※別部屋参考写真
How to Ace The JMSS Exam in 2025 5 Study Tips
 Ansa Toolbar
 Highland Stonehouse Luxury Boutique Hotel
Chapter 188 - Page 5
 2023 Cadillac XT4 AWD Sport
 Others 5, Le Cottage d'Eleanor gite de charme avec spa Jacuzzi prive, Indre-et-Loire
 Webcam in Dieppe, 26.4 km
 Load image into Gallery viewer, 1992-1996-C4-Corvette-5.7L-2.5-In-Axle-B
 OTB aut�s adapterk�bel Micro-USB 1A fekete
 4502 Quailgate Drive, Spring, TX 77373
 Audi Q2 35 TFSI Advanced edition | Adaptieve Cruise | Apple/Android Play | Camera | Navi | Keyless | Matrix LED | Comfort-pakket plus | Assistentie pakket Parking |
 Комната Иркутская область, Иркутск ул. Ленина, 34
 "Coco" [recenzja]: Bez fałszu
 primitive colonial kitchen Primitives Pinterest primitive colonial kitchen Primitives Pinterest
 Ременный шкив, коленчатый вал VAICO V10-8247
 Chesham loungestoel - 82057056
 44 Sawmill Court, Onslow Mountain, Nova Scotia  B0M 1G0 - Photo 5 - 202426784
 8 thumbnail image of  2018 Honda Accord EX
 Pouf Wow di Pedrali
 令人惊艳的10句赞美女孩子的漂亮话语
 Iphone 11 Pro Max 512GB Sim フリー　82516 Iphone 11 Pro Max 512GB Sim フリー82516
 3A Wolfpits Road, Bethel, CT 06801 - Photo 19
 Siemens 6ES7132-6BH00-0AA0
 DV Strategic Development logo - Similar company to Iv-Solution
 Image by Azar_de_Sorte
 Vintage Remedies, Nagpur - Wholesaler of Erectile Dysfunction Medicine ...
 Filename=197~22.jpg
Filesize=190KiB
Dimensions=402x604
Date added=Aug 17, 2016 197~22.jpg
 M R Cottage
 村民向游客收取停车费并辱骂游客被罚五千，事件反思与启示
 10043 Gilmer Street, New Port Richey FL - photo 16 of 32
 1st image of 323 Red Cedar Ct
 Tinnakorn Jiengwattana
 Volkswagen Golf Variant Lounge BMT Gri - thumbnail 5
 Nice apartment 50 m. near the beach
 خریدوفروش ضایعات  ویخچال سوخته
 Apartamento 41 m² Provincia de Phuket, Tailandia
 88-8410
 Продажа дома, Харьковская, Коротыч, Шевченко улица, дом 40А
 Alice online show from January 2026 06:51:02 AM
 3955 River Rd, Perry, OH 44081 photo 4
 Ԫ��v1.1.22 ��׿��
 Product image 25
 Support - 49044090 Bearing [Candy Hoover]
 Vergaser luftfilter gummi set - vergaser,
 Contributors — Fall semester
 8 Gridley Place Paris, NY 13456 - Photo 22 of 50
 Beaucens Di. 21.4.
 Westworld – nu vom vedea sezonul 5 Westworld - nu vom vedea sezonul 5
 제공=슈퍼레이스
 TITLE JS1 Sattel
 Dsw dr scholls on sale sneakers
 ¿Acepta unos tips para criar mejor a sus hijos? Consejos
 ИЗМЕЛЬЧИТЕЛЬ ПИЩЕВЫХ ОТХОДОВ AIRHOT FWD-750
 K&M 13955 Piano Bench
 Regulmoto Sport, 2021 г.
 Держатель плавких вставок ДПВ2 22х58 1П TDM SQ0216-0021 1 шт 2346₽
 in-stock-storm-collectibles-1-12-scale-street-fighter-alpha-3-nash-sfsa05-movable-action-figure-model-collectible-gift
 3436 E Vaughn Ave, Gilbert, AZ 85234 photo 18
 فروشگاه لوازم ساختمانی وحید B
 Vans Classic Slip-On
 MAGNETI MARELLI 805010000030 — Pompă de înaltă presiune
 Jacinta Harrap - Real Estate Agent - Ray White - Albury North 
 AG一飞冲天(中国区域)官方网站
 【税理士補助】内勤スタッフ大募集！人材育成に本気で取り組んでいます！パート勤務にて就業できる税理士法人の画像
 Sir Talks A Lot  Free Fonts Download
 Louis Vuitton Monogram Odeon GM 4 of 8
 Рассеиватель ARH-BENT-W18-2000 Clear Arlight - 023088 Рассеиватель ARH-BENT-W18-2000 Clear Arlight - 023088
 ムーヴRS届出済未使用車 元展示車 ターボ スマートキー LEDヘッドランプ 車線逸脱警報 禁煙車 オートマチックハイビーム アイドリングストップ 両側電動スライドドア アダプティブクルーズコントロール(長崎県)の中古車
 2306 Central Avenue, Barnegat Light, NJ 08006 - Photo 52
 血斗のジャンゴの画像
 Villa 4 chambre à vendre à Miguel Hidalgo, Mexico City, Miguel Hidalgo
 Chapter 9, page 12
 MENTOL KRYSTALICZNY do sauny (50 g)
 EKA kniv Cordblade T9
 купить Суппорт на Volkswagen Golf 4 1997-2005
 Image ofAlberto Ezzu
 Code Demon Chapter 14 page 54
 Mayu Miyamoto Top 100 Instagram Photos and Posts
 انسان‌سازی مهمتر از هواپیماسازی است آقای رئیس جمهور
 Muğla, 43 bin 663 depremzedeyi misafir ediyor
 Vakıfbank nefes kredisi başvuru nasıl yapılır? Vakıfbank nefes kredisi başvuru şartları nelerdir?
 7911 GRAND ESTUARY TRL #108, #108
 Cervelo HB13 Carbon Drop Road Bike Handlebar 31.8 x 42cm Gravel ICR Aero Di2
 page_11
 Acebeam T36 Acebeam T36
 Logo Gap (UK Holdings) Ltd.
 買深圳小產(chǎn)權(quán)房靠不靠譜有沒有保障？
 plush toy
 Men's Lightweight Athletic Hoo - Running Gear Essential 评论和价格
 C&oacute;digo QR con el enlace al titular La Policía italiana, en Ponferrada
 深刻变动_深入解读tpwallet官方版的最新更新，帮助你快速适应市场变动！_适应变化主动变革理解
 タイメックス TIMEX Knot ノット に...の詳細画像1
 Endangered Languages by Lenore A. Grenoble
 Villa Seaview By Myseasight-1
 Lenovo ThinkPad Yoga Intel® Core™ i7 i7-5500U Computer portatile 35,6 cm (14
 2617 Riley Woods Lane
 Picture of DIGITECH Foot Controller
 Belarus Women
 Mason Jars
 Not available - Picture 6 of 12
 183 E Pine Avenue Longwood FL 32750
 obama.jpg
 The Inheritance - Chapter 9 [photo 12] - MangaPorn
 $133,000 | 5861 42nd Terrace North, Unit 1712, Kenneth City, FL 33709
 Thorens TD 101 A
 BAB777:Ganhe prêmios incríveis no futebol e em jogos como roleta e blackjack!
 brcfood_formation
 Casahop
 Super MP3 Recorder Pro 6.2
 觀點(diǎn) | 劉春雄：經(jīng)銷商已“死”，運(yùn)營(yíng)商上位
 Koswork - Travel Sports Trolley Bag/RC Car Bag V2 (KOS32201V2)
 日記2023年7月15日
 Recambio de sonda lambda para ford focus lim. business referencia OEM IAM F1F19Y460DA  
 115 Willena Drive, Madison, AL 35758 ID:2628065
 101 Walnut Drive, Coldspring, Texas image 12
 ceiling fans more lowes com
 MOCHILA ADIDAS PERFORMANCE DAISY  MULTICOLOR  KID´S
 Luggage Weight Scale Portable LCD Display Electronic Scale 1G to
---
TASK DIRECTIONS
What you return must be the lines above that run from the line with "7911 GRAND ESTUARY TRL #108, #108" to the line with "タイメックス TIMEX Knot ノット に...の詳細画像1", inclusive, each copied exactly.

TASK RESULT
 7911 GRAND ESTUARY TRL #108, #108
 Cervelo HB13 Carbon Drop Road Bike Handlebar 31.8 x 42cm Gravel ICR Aero Di2
 page_11
 Acebeam T36 Acebeam T36
 Logo Gap (UK Holdings) Ltd.
 買深圳小產(chǎn)權(quán)房靠不靠譜有沒有保障？
 plush toy
 Men's Lightweight Athletic Hoo - Running Gear Essential 评论和价格
 C&oacute;digo QR con el enlace al titular La Policía italiana, en Ponferrada
 深刻变动_深入解读tpwallet官方版的最新更新，帮助你快速适应市场变动！_适应变化主动变革理解
 タイメックス TIMEX Knot ノット に...の詳細画像1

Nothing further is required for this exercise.